# Bayesian Optimization with Trees in OMLT

This notebook introduces the gradient-boosted trees (GBT) functionality of `OMLT` and how such models can be incorporated in Bayesian optimization loops. For a more comprehensive framework using GBT models for Bayesian optimization please check out another project of our group: [ENTMOOT](https://github.com/cog-imperial/entmoot).

## List of Python Imports
We start by importing a list of dependencies to implement the example. `OMLT` is compatible with all tree ensemble training libraries that support ONNX outputs. In this tutorial we use the `lightgbm` package.

In [214]:
import random
import tempfile
import numpy as np
import lightgbm as lgb
import pyomo.environ as pe
from onnxmltools.convert.lightgbm.convert import convert
from skl2onnx.common.data_types import FloatTensorType
from omlt.block import OmltBlock
from omlt.gbt import BigMFormulation, GradientBoostedTreeModel

from helpers import generate_gbt_data

random.seed(100)

## Define Dataset
We first define a simple dataset by sampling 100 random points from the 10D Rastrigin function. Every input feature of the Rastrigin function is bounded by `(-5.12, 5.12)`.

In [226]:
def f(X):
    # Rastrigin benchmark function
    x = np.asarray_chkfinite(X)
    n = len(x)
    res = 10*n + sum( x**2 - 10 * np.cos( 2 * np.pi * x ))
    return res

f_bnds = [(-5.12,5.12) for _ in range(10)]

# generate dataset
data = {'X': [], 'y': []}

for _ in range(50):
    sample =[random.uniform(*bnd) for bnd in f_bnds]
    
    data['X'].append(sample)
    data['y'].append(f(sample))

## Train the Tree Ensemble
Next we define our training function to train the tree ensemble based on the data we generated.

In [216]:
def train_tree(data):
    FIXED_PARAMS = {'objective': 'regression',
                    'metric': 'rmse',
                    'boosting': 'gbdt',
                    'num_trees': 200,
                    'max_depth': 3,
                    'min_data_in_leaf': 2,
                    'random_state': 100,
                    'verbose': -1}

    train_data = lgb.Dataset(data['X'], 
                             label=data['y'],
                             params={'verbose': -1})

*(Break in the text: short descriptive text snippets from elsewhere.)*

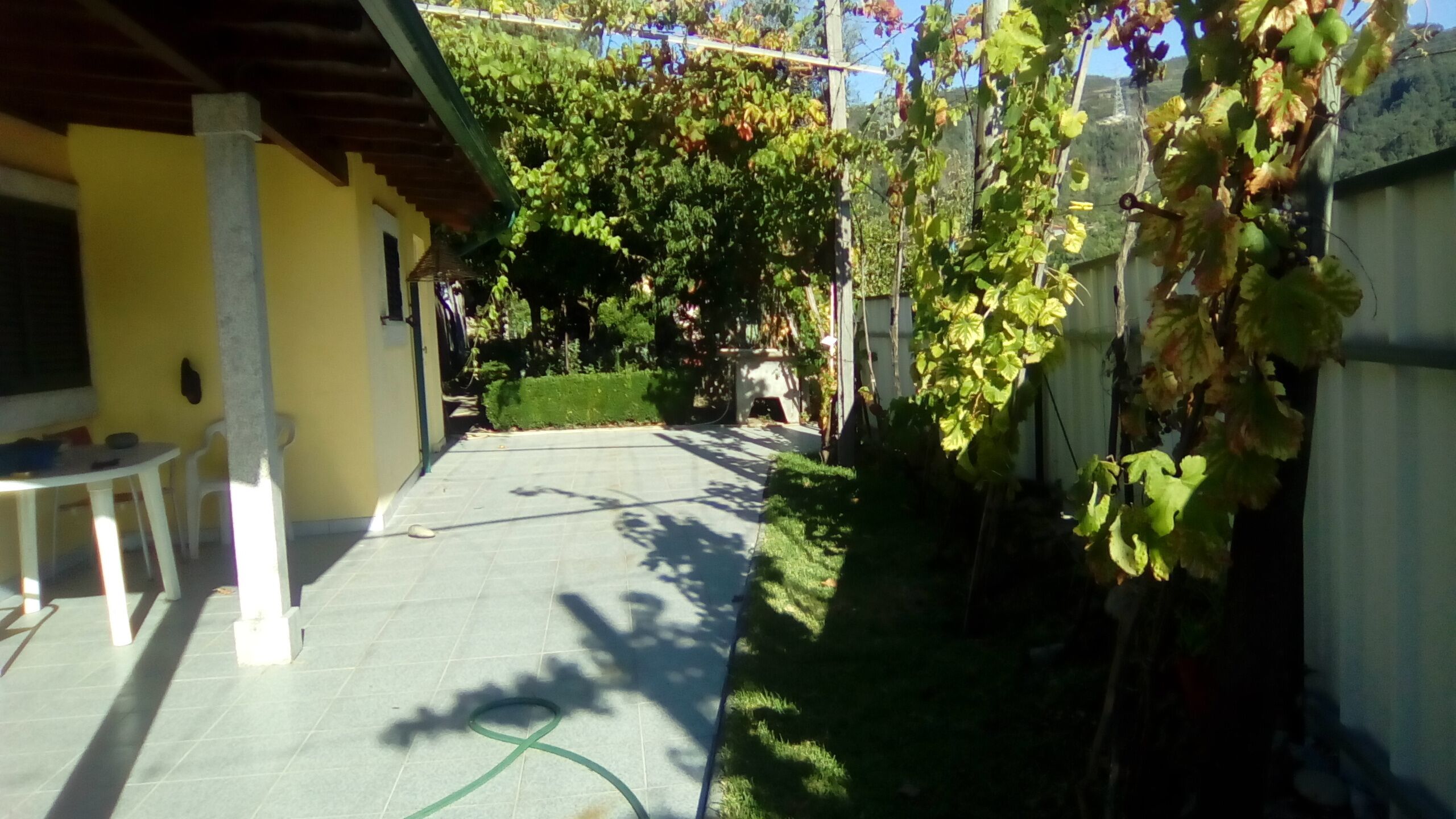 Sunny House in Parada de Bouro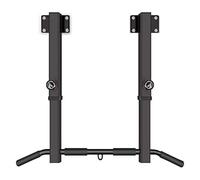 Wall Mounted Pull Up Bar Multi-Function Chin Bar Exercise Muscle Fitness Pull-ups for Indoor and Outdoor Use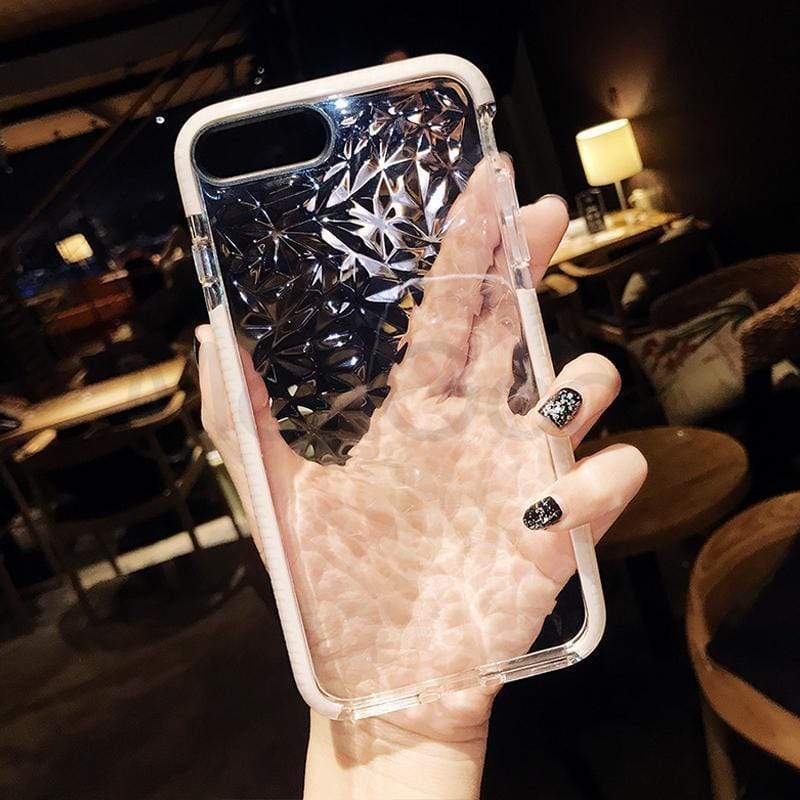 Diamond Textured iPhone Case mysite
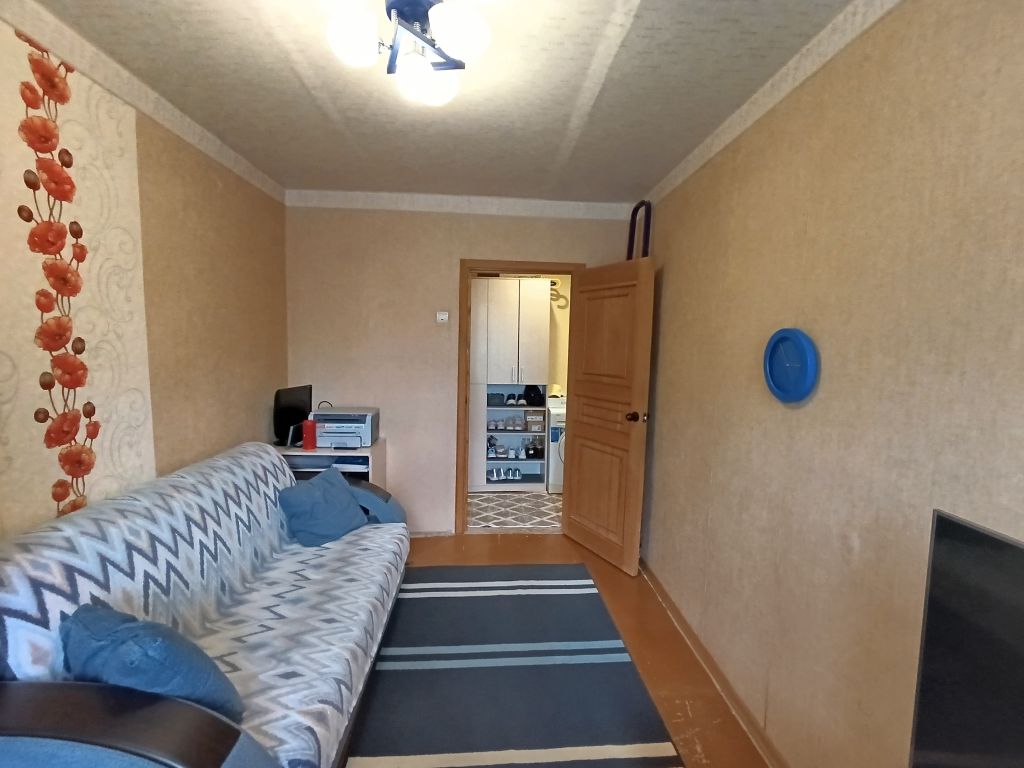 Продажа 3-комнатной квартиры, Нижний Новгород, Баумана ул,  48 к 1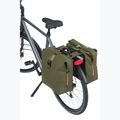 Cyklistická brašna   Basil Soho Nordlicht Double Bag MIK 41 l moss green 8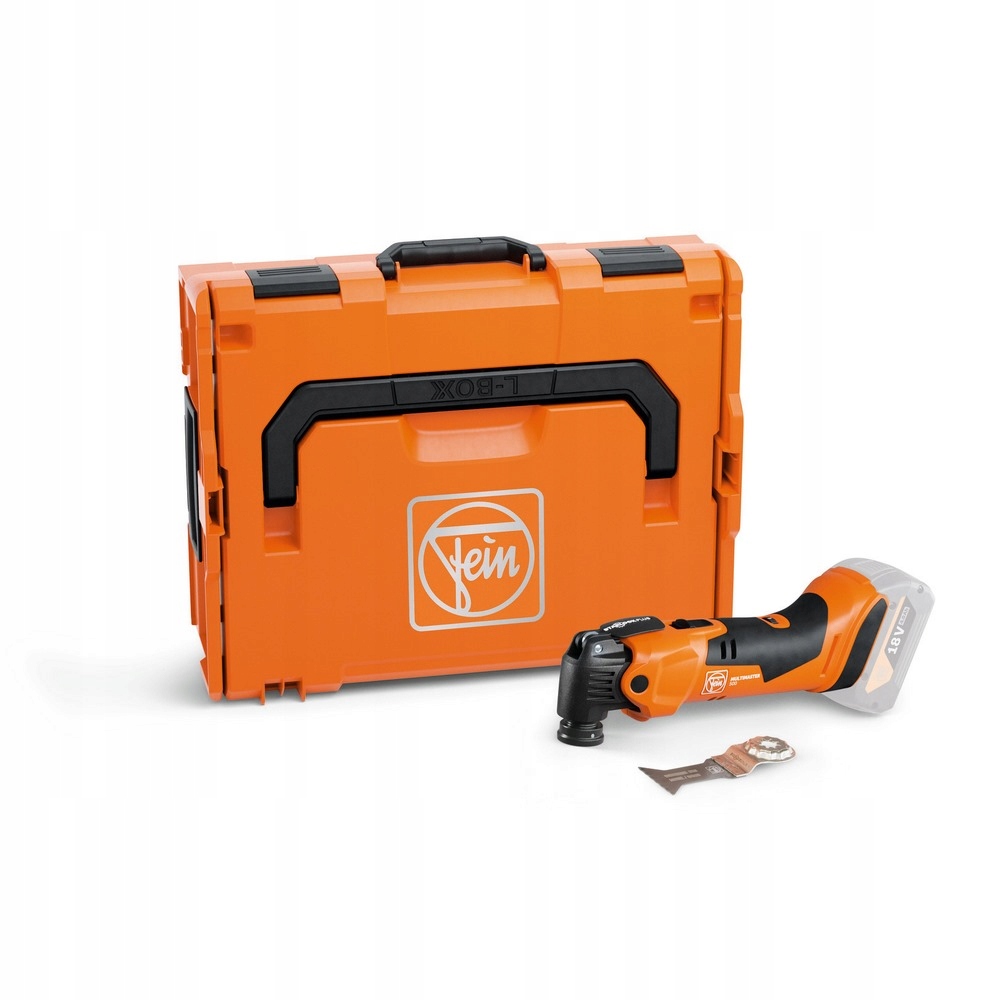 Fein Multimaster AMM 500 PLUS AS – Wszechstronne narzędzie do cięcia i szlifowania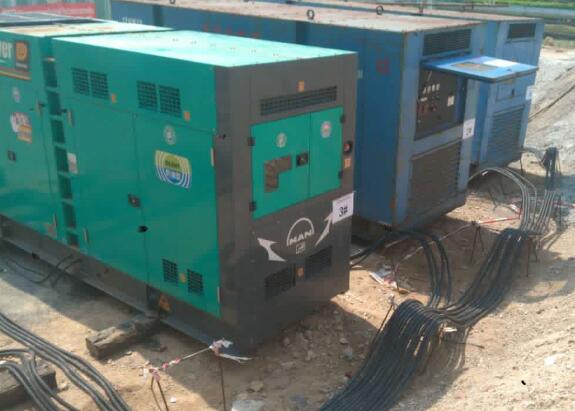 舟山发电机出租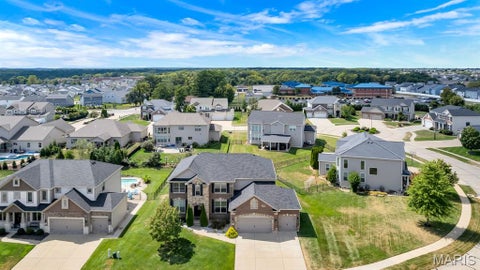 Tiny photo for 221 Oakhurst Circle, OFallon, MO 63367 (MLS # 26057480)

    model = lgb.train(FIXED_PARAMS, 
                      train_data,
                      verbose_eval=False)
    return model

## Handling Trees with ONNX
ONNX needs to know the number of features and their type. Currently, ONNX doesn't support categorical features so we can only train models with continous features in `lightgbm`. To handle categorical features we recommend to perform a one-hot encoding transformation first.

In [217]:
def get_onnx_model(lgb_model):
    # export onnx model
    float_tensor_type = FloatTensorType([None, lgb_model.num_feature()])
    initial_type = [('float_input', float_tensor_type)]
    onnx_model = convert(lgb_model, 
                         initial_types=initial_type, 
                         target_opset=8)
    return onnx_model

You can write the ONNX model to a file so that it can be inspected using a tool like [Netron](https://netron.app/).

In [218]:
# build lightgbm model and export from onnx
lgb_model = train_tree(data)
onnx_model = get_onnx_model(lgb_model)

with tempfile.NamedTemporaryFile(suffix='.onnx', delete=False) as f:
    f.write(onnx_model.SerializeToString())
    print(f'Onnx model written to {f.name}')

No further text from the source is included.